(Patrick McDermott / Getty Images) (Patrick McDermott / Getty Images)

Anthony Rendon grew up an Astros fan in Houston, rooting every fifth game for Roy Oswalt in his prime. Last night, Rendon stepped into the batter’s box and stared out at Oswalt, like one of his baseball cards had come to life. In three at-bats against Oswalt, Rendon smacked two hits.

His hits off a childhood favorite underscored Rendon’s age and how he has helped lift a sagging offense. Since Rendon was recalled June 4 and replaced Danny Espinosa at second base, the 22-year-old rookie has been the Nationals’ best hitter, putting up a .365/.400/.538 line in 13 games.

He has the kind of bat that makes teams willing to wedge him into an unfamiliar position, which is exactly what the Nationals have done. Rendon is still gaining comfort at second base. Rendon appeared in eight games at second before the Nationals called up him to make him their everyday second baseman. He last played the position regularly in Little League.

“It’s the same stuff,” Rendon said. “It’s still baseball. The bases just got bigger.”

“I’m kind of re-learning the position,” Rendon added. “I guess you could say that. I’ve played it before, and I’m kind of going back to it.”

Rendon has showed impressive instincts with his footwork around the bases and in other, subtle plays. In Philadelphia, Ben Revere hit a moderately slow grounder to the right side. Rendon charged and flicked the ball with his glove to Adam LaRoche, a difficult play he made look easy.

“He’s had only two double plays to turn, but I’ve liked the work on both of them,” Manager Davey Johnson said. “His transition has been great.”

In other areas, though, Rendon’s learning curve has surfaced. He has made three errors in 13 games at second, one of which came on a fluke – he dropped a pop-up he lost in the sun. Last night, Johnson lightly scolded him for his latest error. In the eighth inning, with a five-run lead, Rendon fielded a grounder and threw to second, trying for the lead runner, and the ball scooted under Ian Desmond’s glove.

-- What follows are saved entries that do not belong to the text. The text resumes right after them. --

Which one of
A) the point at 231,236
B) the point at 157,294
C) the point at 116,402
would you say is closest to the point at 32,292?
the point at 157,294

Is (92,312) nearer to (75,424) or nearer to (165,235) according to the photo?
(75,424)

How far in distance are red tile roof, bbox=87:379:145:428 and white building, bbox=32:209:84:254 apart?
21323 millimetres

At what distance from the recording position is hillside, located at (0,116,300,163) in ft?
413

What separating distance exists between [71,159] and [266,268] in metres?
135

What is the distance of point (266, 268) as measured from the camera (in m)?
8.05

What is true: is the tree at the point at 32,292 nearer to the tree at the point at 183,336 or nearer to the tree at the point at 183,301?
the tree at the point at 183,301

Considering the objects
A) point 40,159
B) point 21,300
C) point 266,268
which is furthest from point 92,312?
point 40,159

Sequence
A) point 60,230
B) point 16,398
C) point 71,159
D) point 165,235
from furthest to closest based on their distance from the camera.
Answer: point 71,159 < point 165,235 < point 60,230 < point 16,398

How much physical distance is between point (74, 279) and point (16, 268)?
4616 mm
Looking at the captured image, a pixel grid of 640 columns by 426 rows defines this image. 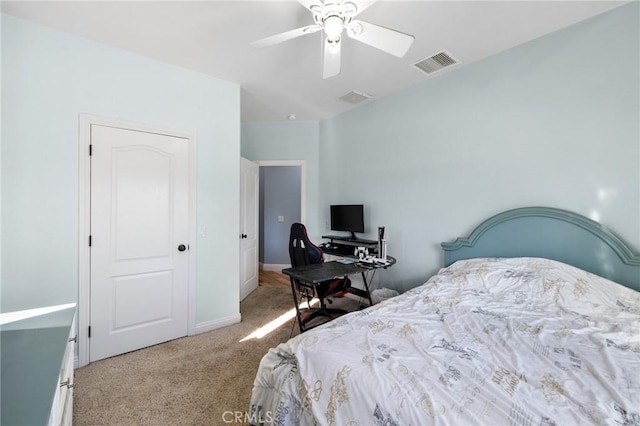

“It was probably the smartest play just to get the out,” Rendon said. “I was told growing, never be scared to make a play. I wanted to get the double play obviously. I guess in that time, you just get the out. It wasn’t a big deal.”

Rendon’s natural ability have convinced the Nationals any most outside observers he’ll make a smooth transition to second base for as long as he needs to play there. “I know he will be fine at second,” one NL scout said. The biggest adjustment for now, Johnson said, may be positioning.

“Fielding the ball is fielding the ball,” Rendon said. “It’s trying to be where you’re supposed to be at the right time and instead of just thinking about it, have it be instinct.”